Final answer:
The maximum mass of ammonia produced from the given reactants is 623.39 g, with hydrogen as the limiting reagent. After the reaction, 151.76 g of nitrogen, the excess reactant, would remain unreacted.
Step-by-step explanation:
Calculating Mass of Ammonia Produced and Excess Reactants
To calculate the maximum mass of ammonia that can be produced from a mixture of nitrogen (N2) and hydrogen (H2), we need to determine the limiting reagent and use stoichiometry based on the balanced chemical equation: N2(g) + 3 H2(g) → 2 NH3(g).
- Convert the masses of N2 and H2 to moles using their molar masses (N2: 28 g/mol, H2: 2 g/mol).
- For 6.65 × 102 g N2: moles of N2 = 6.65 × 102 g / 28 g/mol = 23.75 mol of N2.
- For 1.10 × 102 g H2: moles of H2 = 1.10 × 102 g / 2 g/mol = 55 mol of H2.
- Use the molar ratio from the balanced equation to determine the maximum moles of NH3 produced from each reactant.
- Moles of NH3 from N2 = 23.75 mol N2 × (2 mol NH3 / 1 mol N2) = 47.5 mol NH3.
- Moles of NH3 from H2 = 55 mol H2 × (2 mol NH3 / 3 mol H2) = 36.67 mol NH3.
- The smallest mole value actually determines the maximum amount of NH3 that can be produced, which in this case is 36.67 mol NH3, indicating H2 is the limiting reagent.

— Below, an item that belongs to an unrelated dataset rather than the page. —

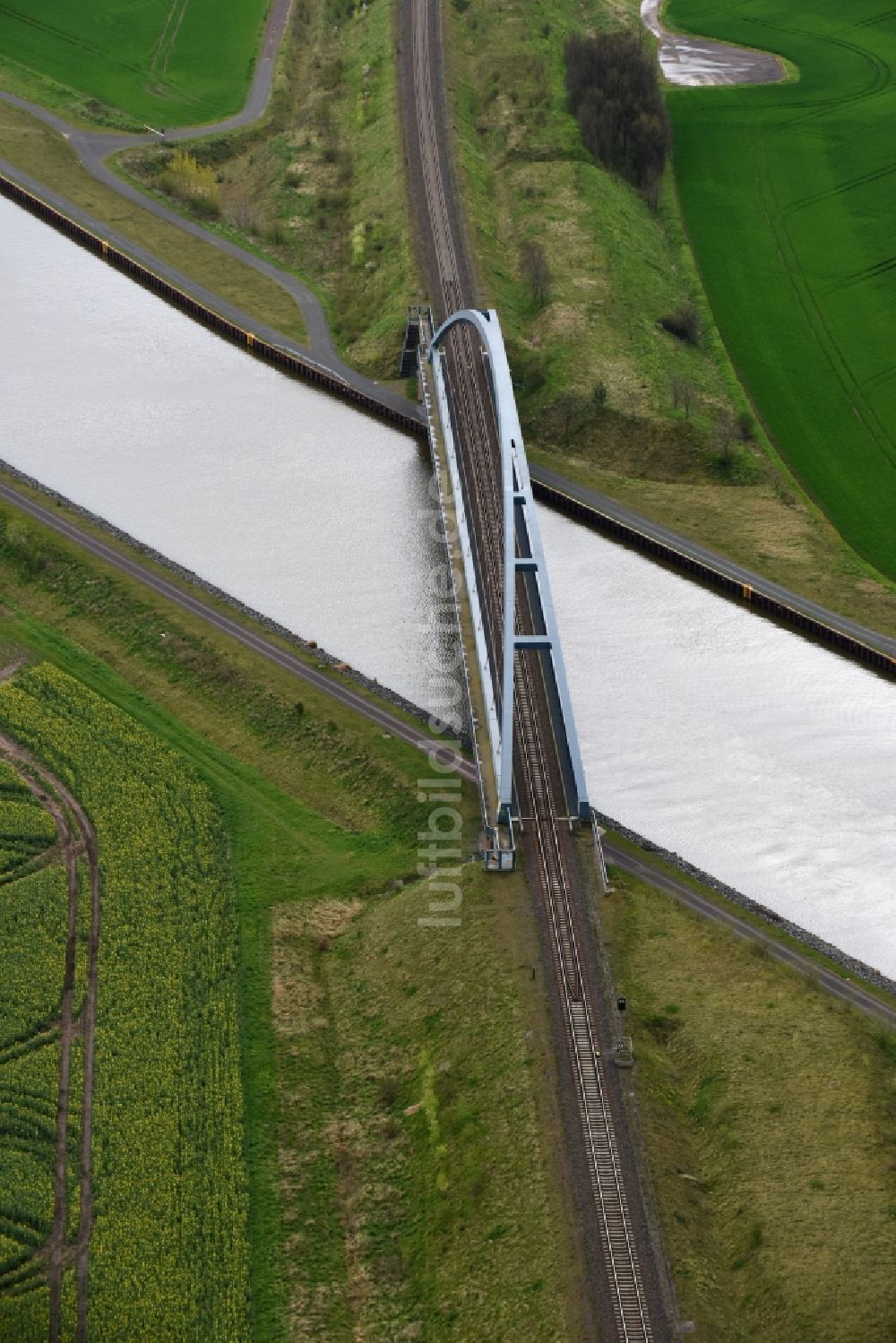 Luftbild Wieglitz - Fluß - Brückenbauwerk über die Ufer des Mittellandkanales in Wieglitz im Bundesland Sachsen-Anhalt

- Convert the moles of NH3 back to grams using its molar mass (NH3: 17 g/mol).
- Maximum mass of NH3 = 36.67 mol × 17 g/mol = 623.39 g.

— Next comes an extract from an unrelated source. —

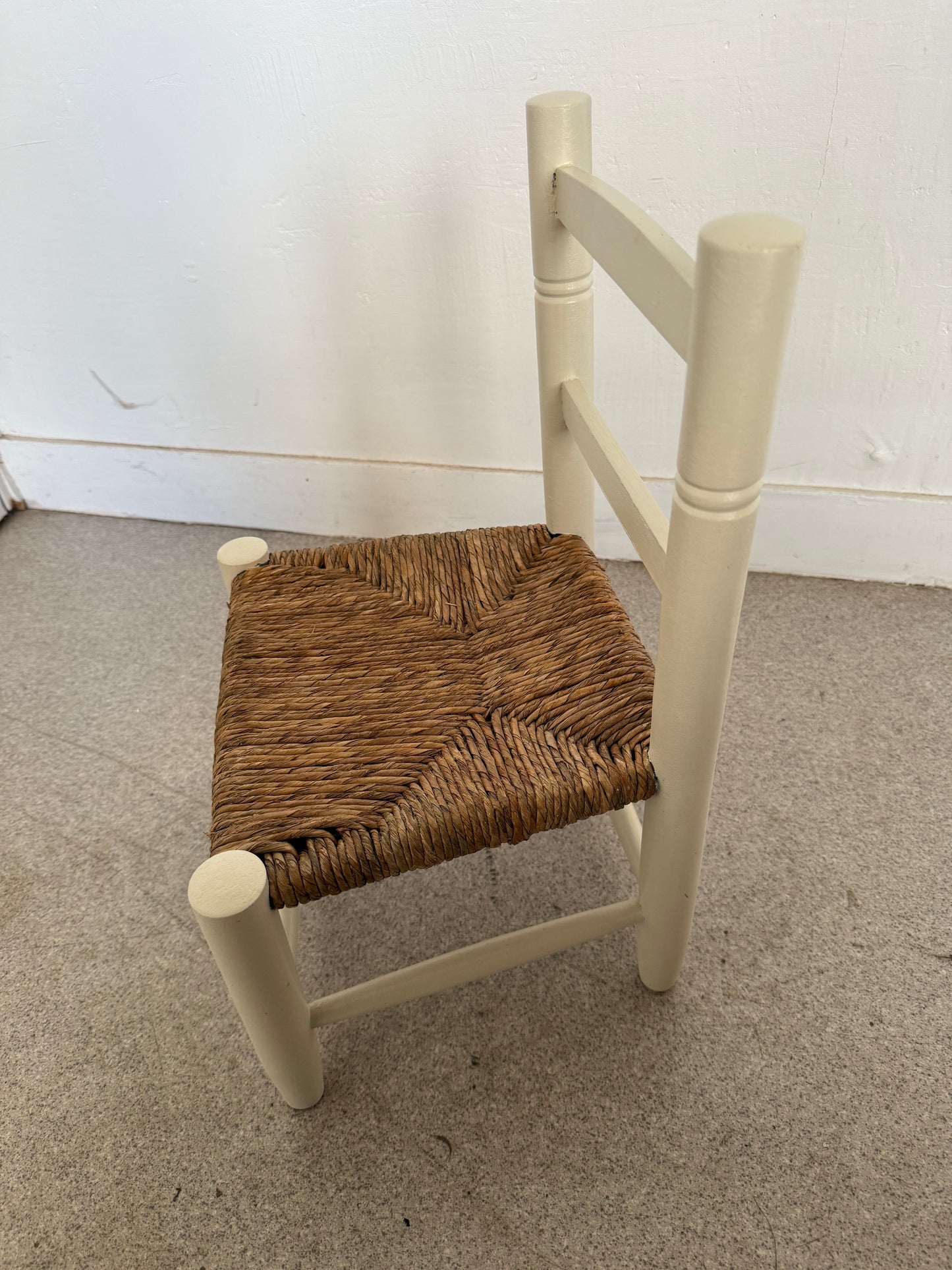 Chaise enfant bois blanc crème et paille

- To find out how much of the excess reagent, N2, remains, subtract the amount that reacted (based on the limiting reagent H2).

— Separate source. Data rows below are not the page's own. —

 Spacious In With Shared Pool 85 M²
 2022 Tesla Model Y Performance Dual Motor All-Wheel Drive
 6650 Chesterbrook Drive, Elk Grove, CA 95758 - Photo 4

- Moles of N2 that reacted = 55 mol H2 / (3 mol H2 / 1 mol N2) = 18.33 mol N2.
- The original amount of N2 was 23.75 mol, therefore, remaining moles of N2 = 23.75 mol - 18.33 mol = 5.42 mol.
- Convert the remaining moles of N2 to grams: 5.42 mol × 28 g/mol = 151.76 g.
Thus, the maximum mass of ammonia that can be produced is 623.39 g, and 151.76 g of nitrogen would remain unreacted.